The Indian Space Research Organisation (ISRO) brought down a satellite in a controlled manner after its end of life, for the first time.
Key points
- The weather satellite Megha Tropiques-1 entered the atmosphere after the final two manoeuvres on 7th March and burnt up over the Pacific Ocean.
- Megha Tropiques-1, developed as a joint mission by Indian and French space agencies, was launched aboard a PSLV by the space agency in 2011.
- The planned mission life of the satellite was only three years, but it continued providing data on water cycle and energy exchanges in the tropics for nearly a decade.

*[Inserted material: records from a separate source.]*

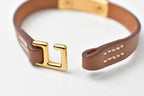 Hermes Bangle Bracelet Mini Rival Vo Swift Brown Gold — view 4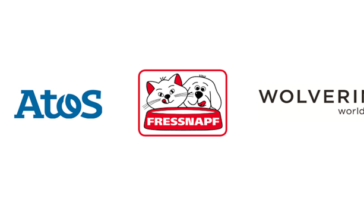 Logotipos de la empresa que comienzan a la izquierda para la NBA, Atos, Fressnapf y Wolverine Wordwide.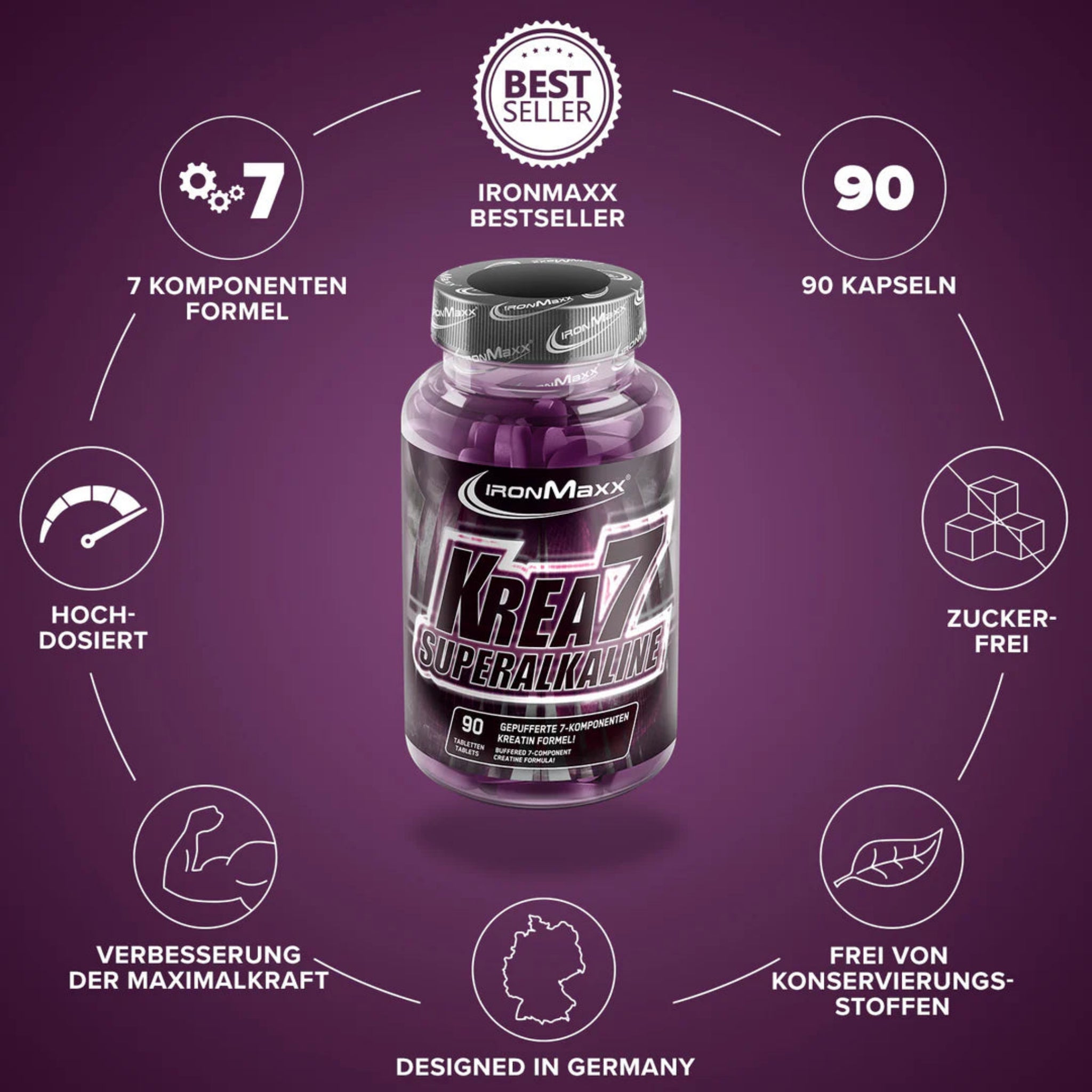 IronMaxx Krea7 Superalkaline (90 Tabletten)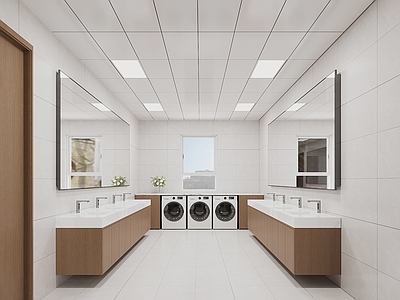 现代公共卫生间 现代公共洗衣房 洗衣机 洗手台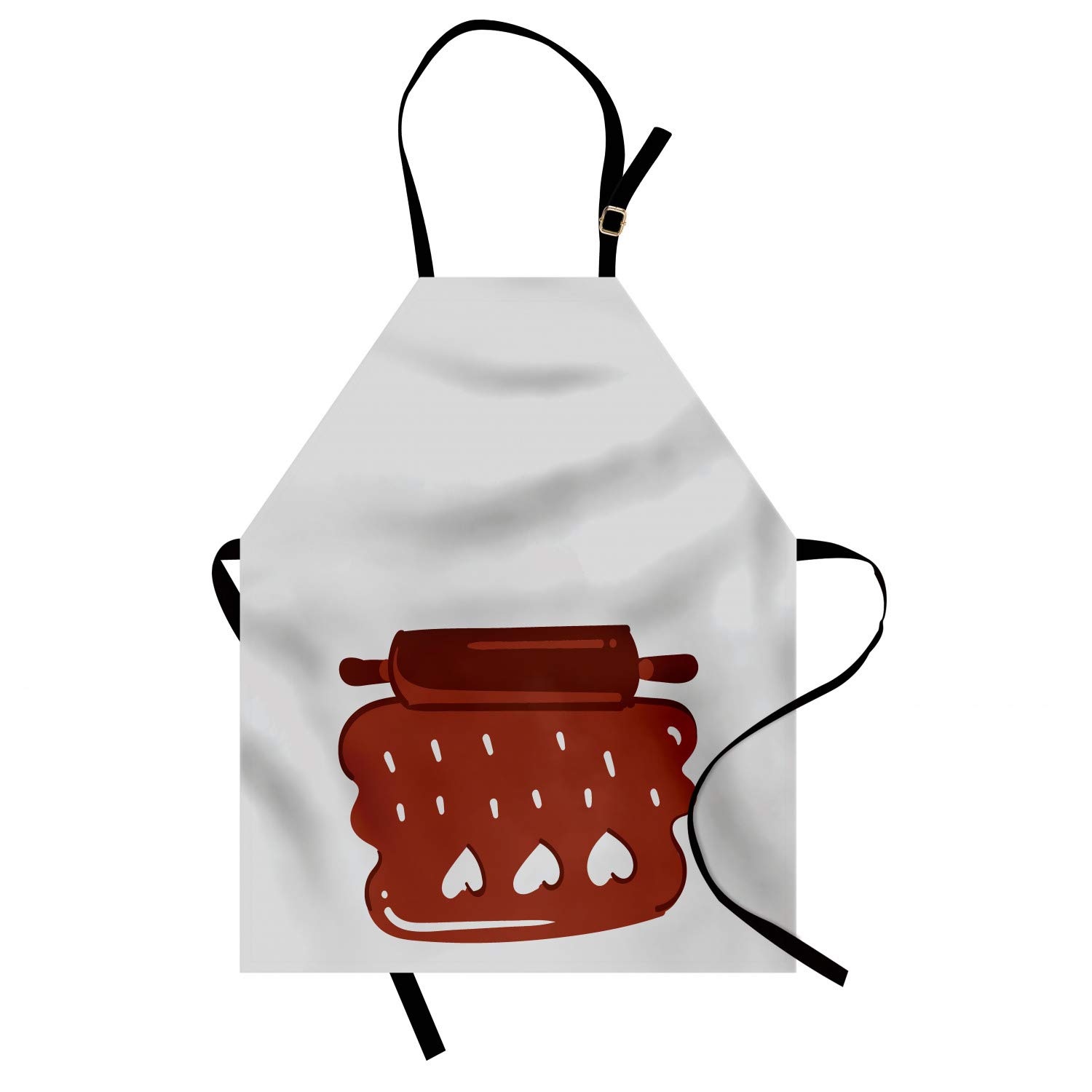 Ambesonne Personalized Chef Apron - Cartoon Baking & Cooking Design with Colorful Rolling Pin & Heart Motif - Adjustable Unisex Kitchen Bib for Adults (Burgundy Dust) - Perfect for Home Cooking, Baking Parties & Culinary Gifts
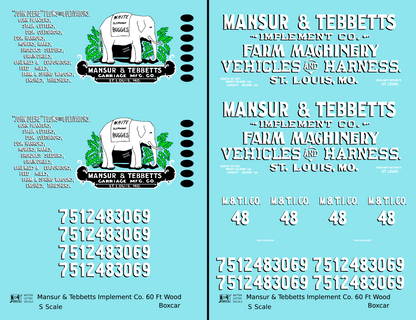 Mansur & Tebbetts Implement Co 60 Ft Billboard Boxcar White & Black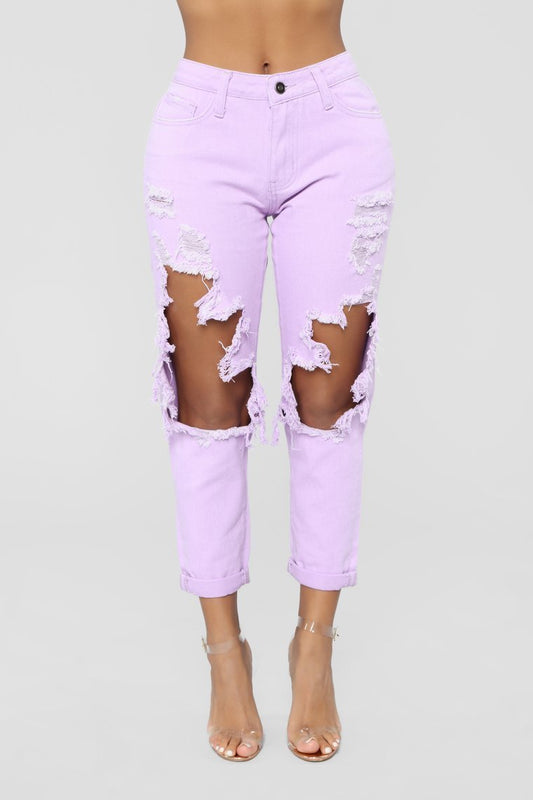 Big Expectations High Rise Boyfriend Jeans - Lilac - jameswhite001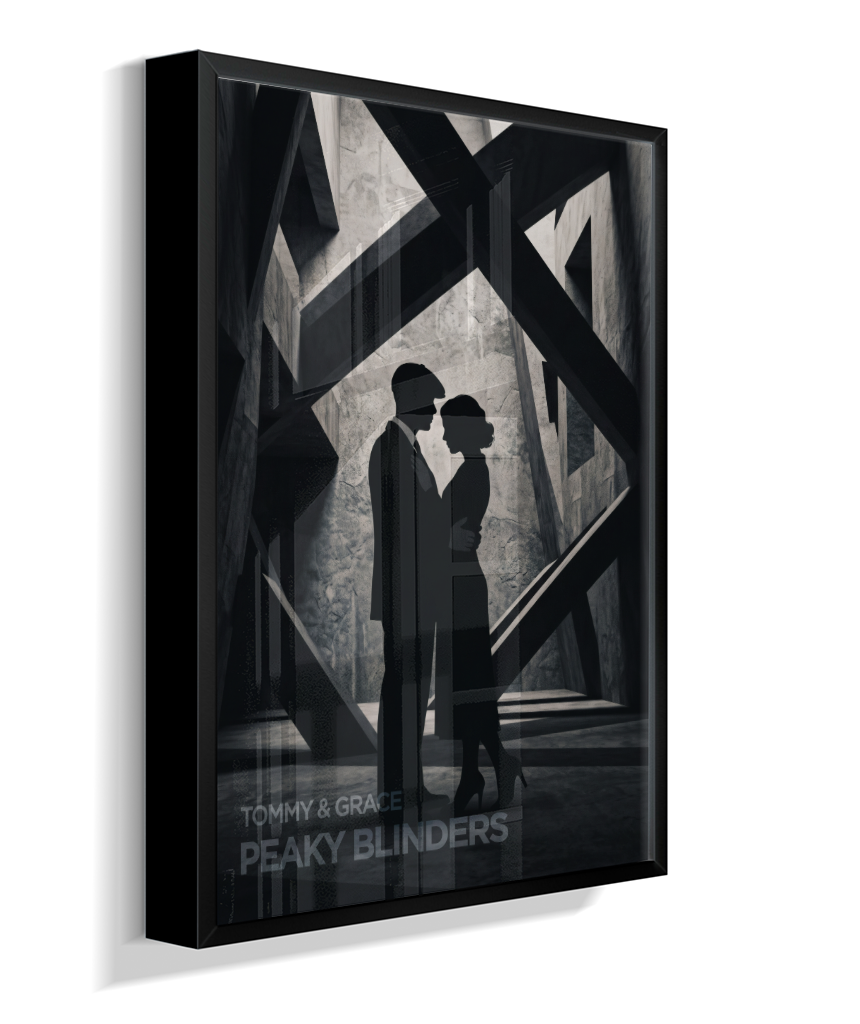 Quadro Decorativo Peaky Blinders Tommy e Grace Silhueta Poster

- About 125 kg on-board fuel remained unutilised at its end-of-mission that could pose risks for accidental break-up. This left-over fuel was estimated to be sufficient to achieve a fully controlled atmospheric re-entry to impact an uninhabited location in the Pacific Ocean.
- This was the first time that ISRO attempted such a manoeuvre to clear out space debris despite the satellite not being built to do so.
- Usually, satellites are left in their orbit and because of the gravitational pull of the earth, they come down to the atmosphere over years and years.
- When the satellites re-enter the atmosphere, the friction causes it to heat up to extreme high temperatures of thousands of degrees Celsius. Without a heat shield, 99% of a satellite gets burnt up whether in a controlled re-entry or an uncontrolled one.
Kessler syndrome
- Kessler syndrome is a scenario where the amount of space debris reaches a point where they just create more with one collision triggering others.
- This is the reason the space debris are monitored and sometimes satellites have to be moved from their way. Isro carried out 21 such collision course manoeuvres in 2022.
Inter-Agency Space Debris Coordination Committee (IADC)
- ISRO was following the guidelines of UN and the Inter-Agency Space Debris Coordination Committee (IADC) that say satellites should be deorbited after mission life – either through controlled entry over a safe impact zone or by bringing it down to reduce the orbital lifetime (the time it would take for a satellite to drop from a particular orbit by itself) to less than 25 years.
- A controlled re-entry is possible only for satellites in the low-earth orbit – at about 1,000 kms over the surface of the earth.